Nov. 3 (Bloomberg) -- U.S. airlines may carry 37,000 fewer passengers a day this Thanksgiving as more expensive tickets and a slowing economy discourage leisure trips.
About 23.2 million passengers are expected during the 12-day peak travel period bracketing the Nov. 24 holiday, a decline of about 2 percent from last year, according to the Air Transport Association of America, the trade group that represents the biggest U.S. carriers.
“2011 is shaping up to be worse financially than what the carriers experienced in 2010,” John Heimlich, vice president of the Washington-based ATA, said on a conference call. The drop in demand may be a reflection of concerns that the economy is slowing and less disposal income, he said.
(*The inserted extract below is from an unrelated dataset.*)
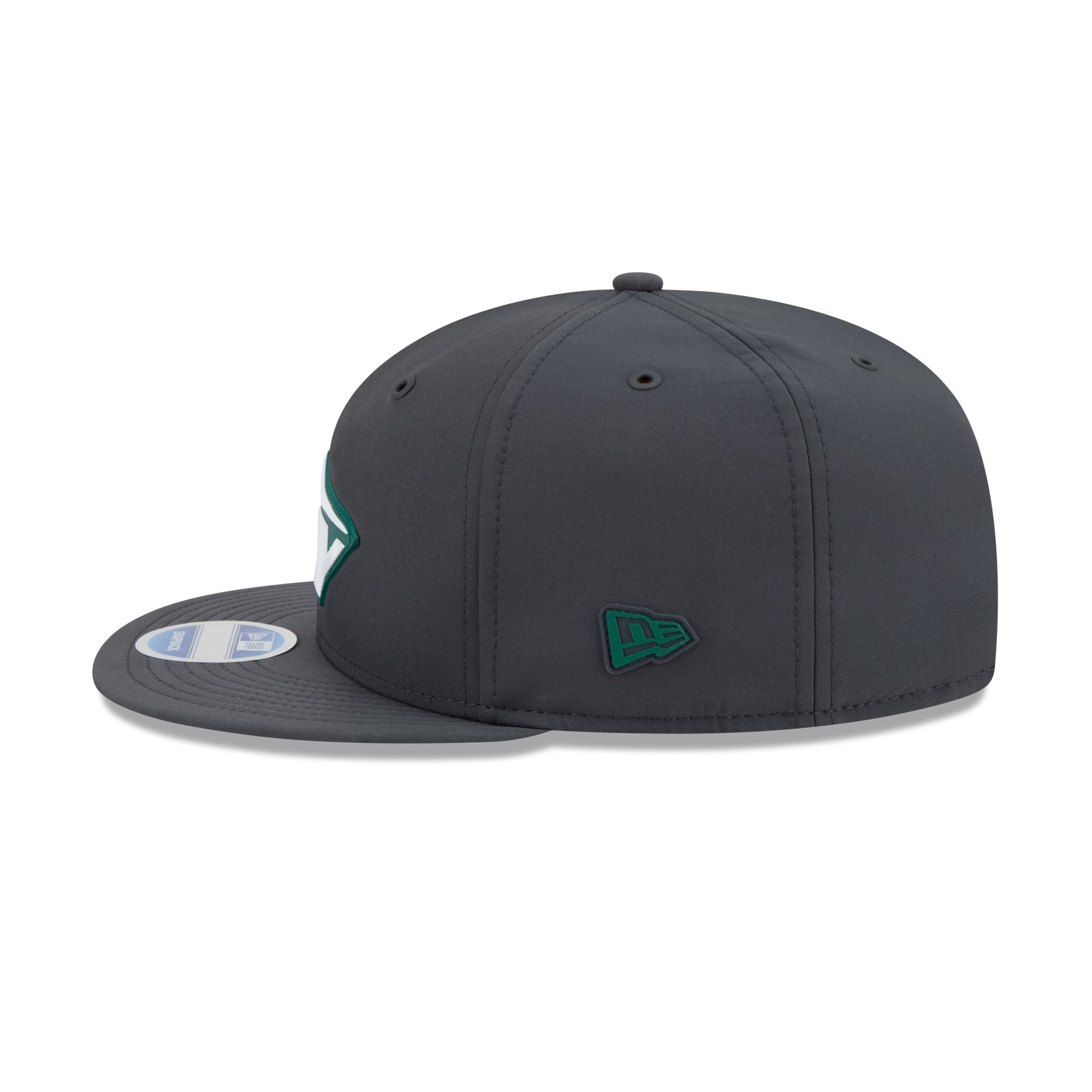 New York Jets 2026 Sideline Cold Weather 9FIFTY Snapback Hat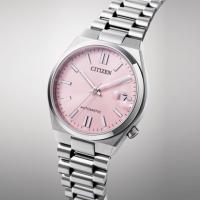 シチズンコレクション CITIZEN COLLECTION TSUYOSA 37mm 機械式腕時計 自動巻き＋手巻き NJ0200-50Z パステルピ | ブランド公式 LOCOMALL ロコモール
Thanksgiving is typically a boost for airlines in a quarter when vacation traffic dwindles. This month’s holiday period and Christmas travel in December give the industry a chance to fill planes and add peak-day surcharges because of the increased demand.
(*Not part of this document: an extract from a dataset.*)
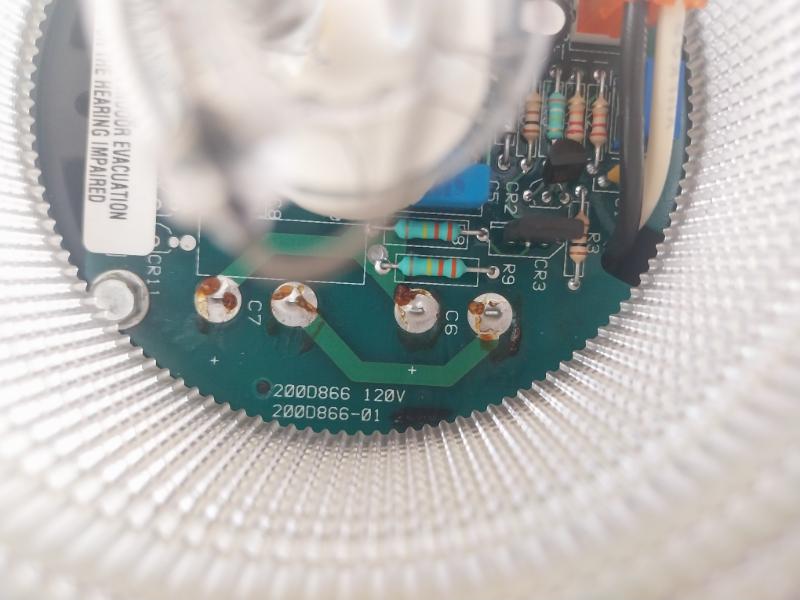 Federal Signal FB2PST Strobe Warning Light 120V 0.32A 50/60Hz Series A4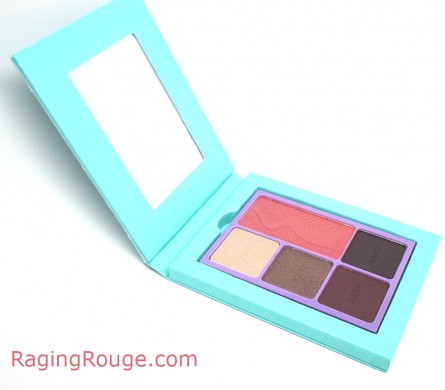 Palette Placed In Portable Case, Tarte Holiday 2014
Higher fares have also curbed leisure trips, Sam Gilliland, chief executive officer of travel firm Sabre Holdings Corp., said yesterday. Fares rose about $12 per one-way trip in the first nine months from the same period in 2010, the ATA said. US Airways Group Inc. began a domestic-fare increase last night of $4 to $10 roundtrip, Farecompare.com CEO Rick Seaney said.
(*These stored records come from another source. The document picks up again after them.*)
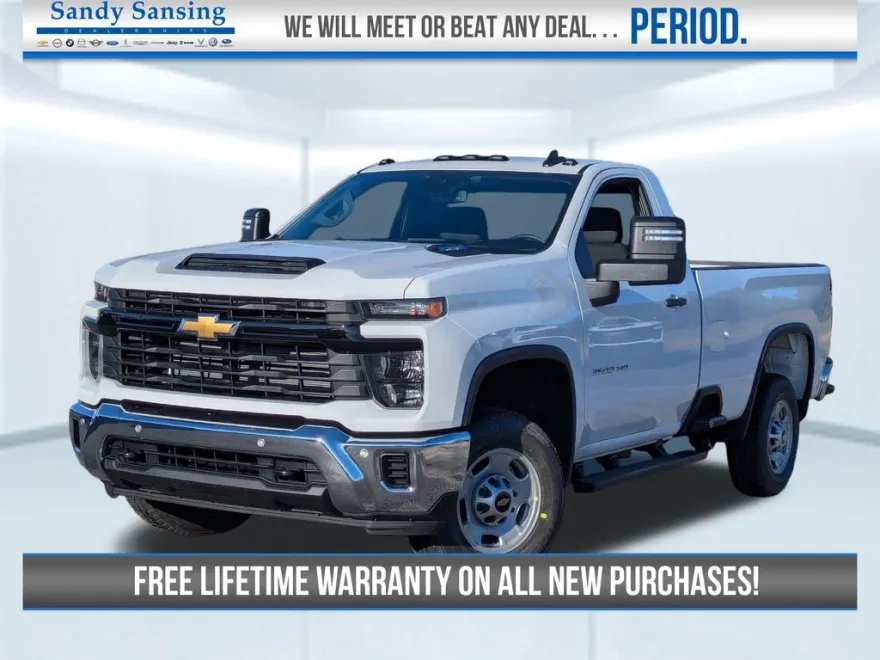 2025 Chevrolet Silverado 2500HD Work Truck photo 1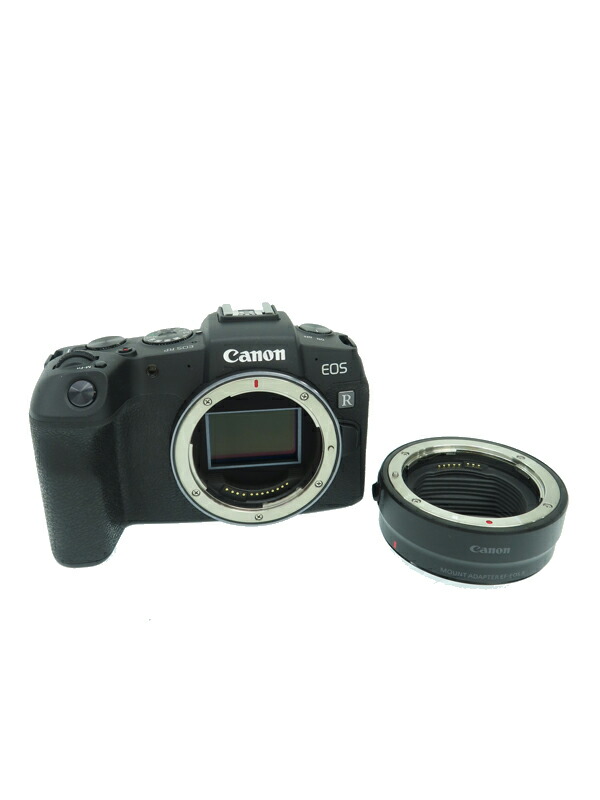 大注目 Canon キヤノン Eos Rp マウントアダプターセット 約26万画素 3インチ Sdxc Wi Fi 防塵 防滴 デジタル 一眼レフカメラ 1週間保証 中古 高山質店 正規品 Erieshoresag Org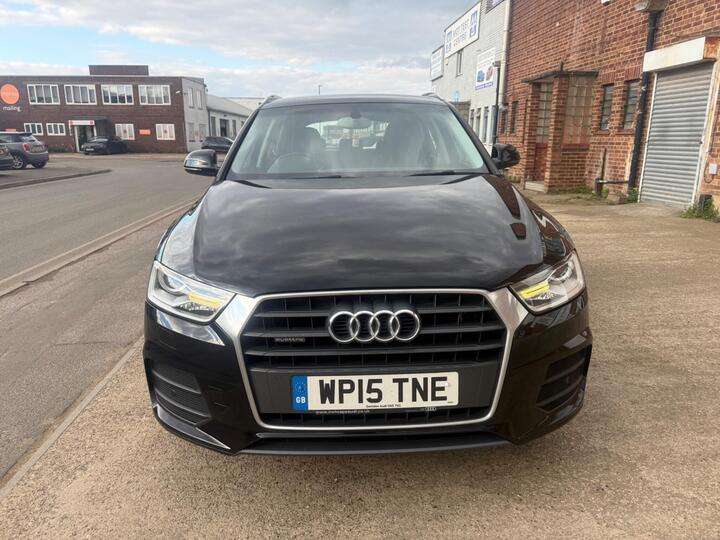 Audi Q3 2.0 TDI SE S Tronic Quattro Euro 6 (s/s) 5dr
“While demand is down from last year and remains well below the 2006 peak, passengers still should expect full flights” because airlines have reduced the number of available seats, Heimlich said in a statement before the call.
More than 85 percent of aircraft seats will be occupied on the Sunday and Monday following the holiday, the busiest days of the season, according to the ATA, whose members include Delta Air Lines Inc. and AMR Corp.’s American Airlines.
That’s about the same as in 2010. Daily passenger volumes may be 1.3 million to 2.3 million over the 12-day period, the ATA said.
Fuel expenses for U.S. passenger airlines rose 38 percent in the first nine months of 2011, to become “by far the largest driver” in the carriers’ expenses, Heimlich said.